**STORED DATA**
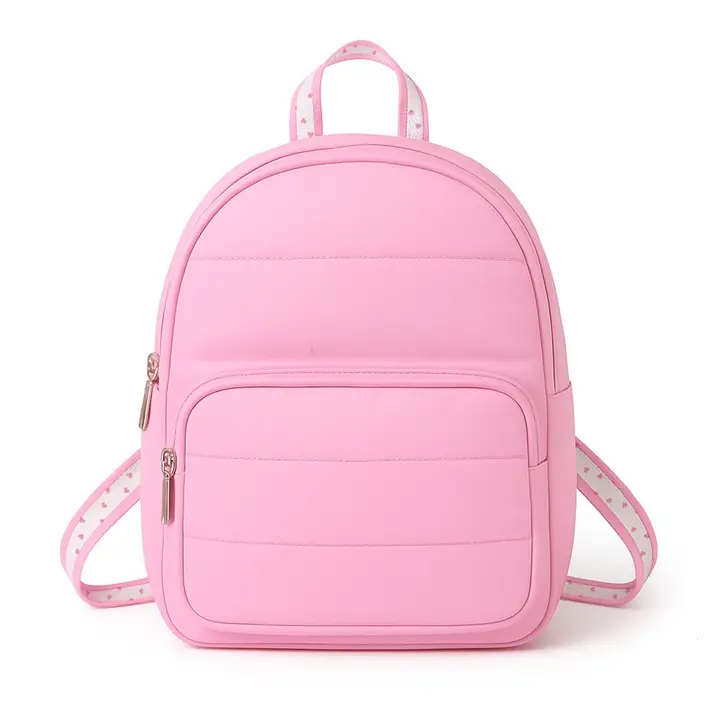 MINI BACKPACK-PINK PUFFER WITH HEART STRAPS
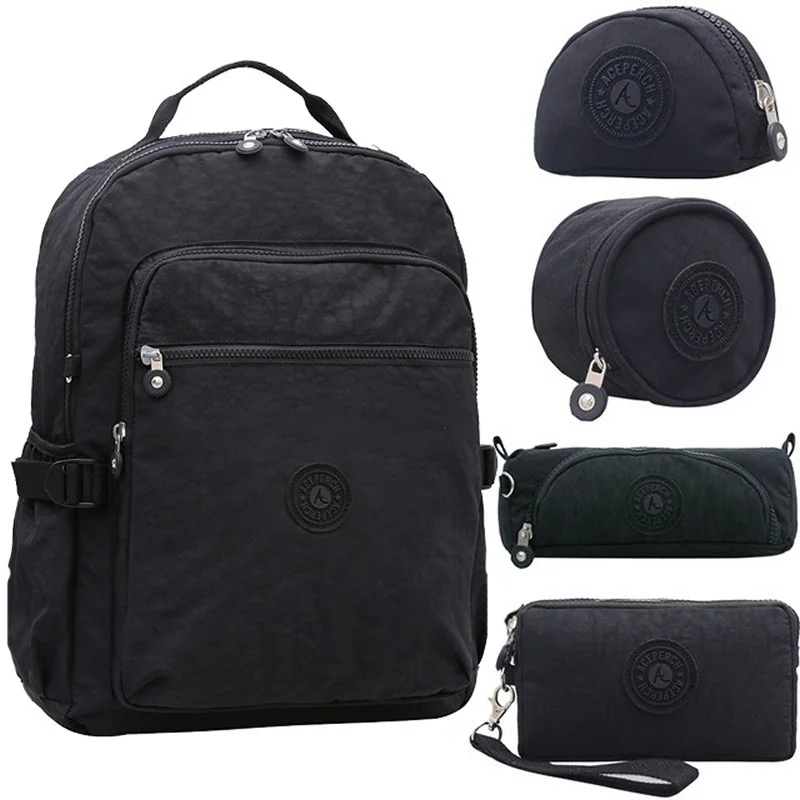 ACEPERCH повседневные школьные сумки для девочек-подростков и мальчиков, детские школьные сумки, нейлоновый рюкзак для ноутбука, женские дорожные сумки с брелоком - Цвет: 5 pieces Black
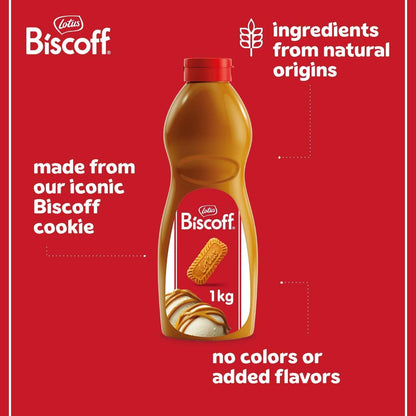 Lotus Biscoff Topping – 1kg Squeeze Bottle | Caramelized Drizzle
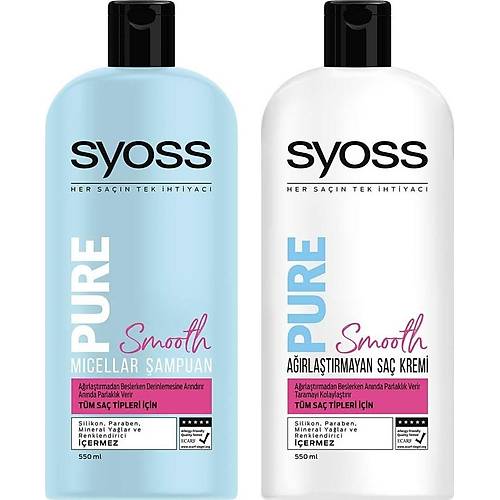 Syoss Pure Smooth Mcellar ampuan 500 ml+ Agrl. Sac Kremi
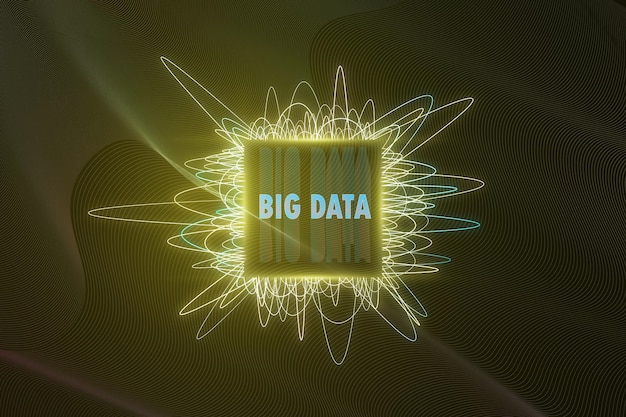 Photo creative big data chip on blurry waves background machine learning and information mining concept 3d rendering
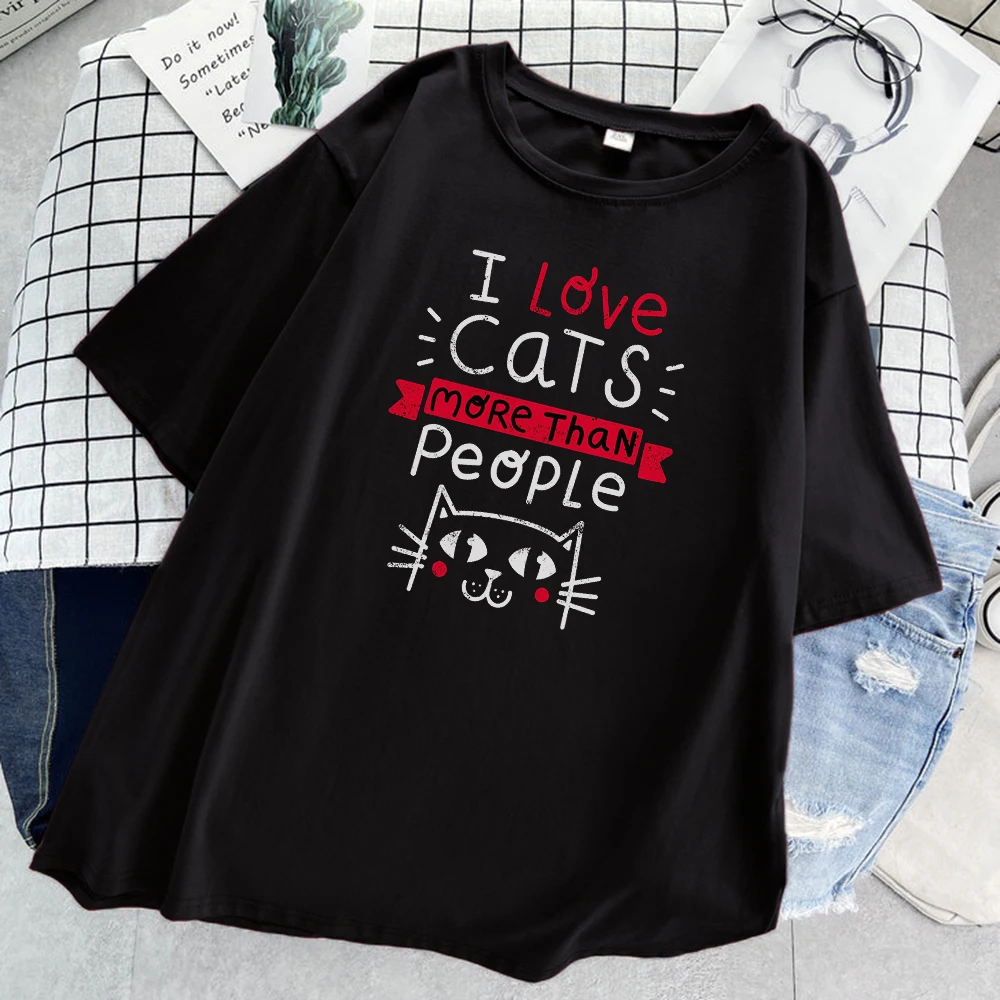 

I Love Cats More Than People T Shirts Girls 2021 Summer Soft Casual T-Shirt Korean Style New Base Tees Fashion Female Tshirts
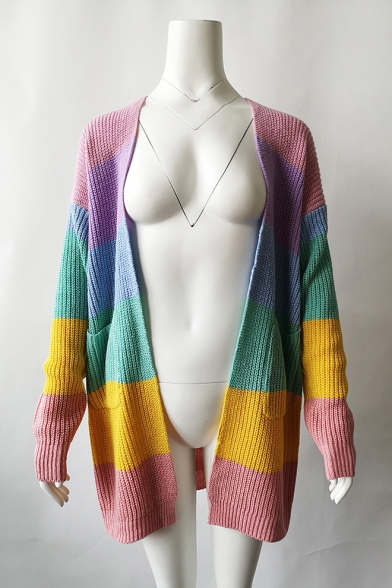rainbow color block cardigan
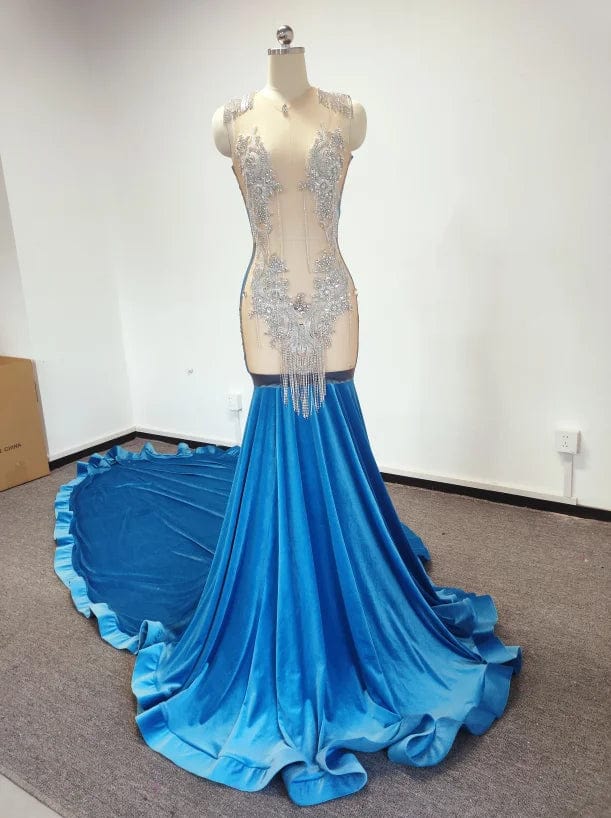 XS / TH23071101 silver/blue Ocstrade Vestidos Elegante Women'S Custom Maxi Prom Party Night Long Dresses Diamond Evening Prom Dresses 2023 Sexy Sweep Train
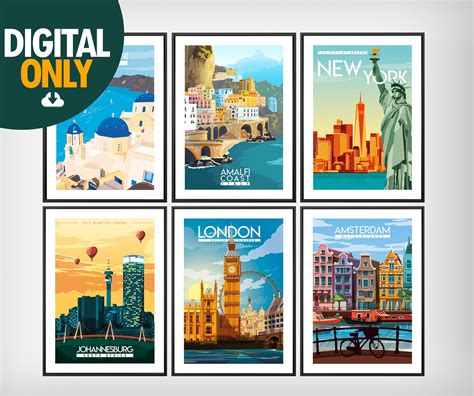 Digital Download Cities Wall Art World Travel Poster Famous Etsy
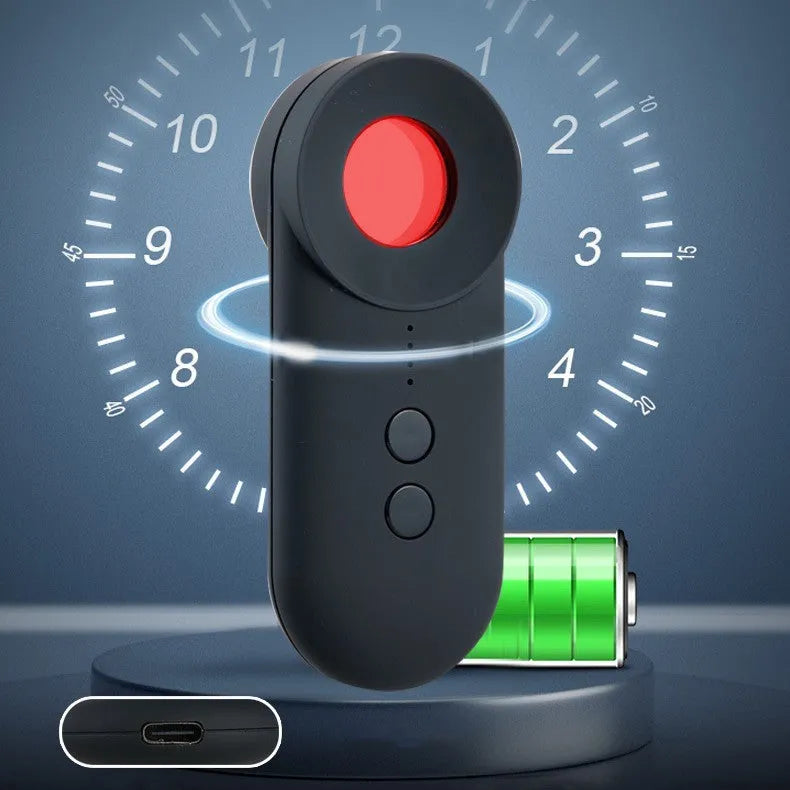 Black GPS signal detector with Micro USB port measuring 93.8mm long for anti-theft surveillance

**ASSIGNED TASK**
When you find the line that contains "rainbow color block cardigan", retype it and every line after it through the end of the data above, exactly, with no pictures.

**COMPLETED EXERCISE**
rainbow color block cardigan
 XS / TH23071101 silver/blue Ocstrade Vestidos Elegante Women'S Custom Maxi Prom Party Night Long Dresses Diamond Evening Prom Dresses 2023 Sexy Sweep Train
 Digital Download Cities Wall Art World Travel Poster Famous Etsy
 Black GPS signal detector with Micro USB port measuring 93.8mm long for anti-theft surveillance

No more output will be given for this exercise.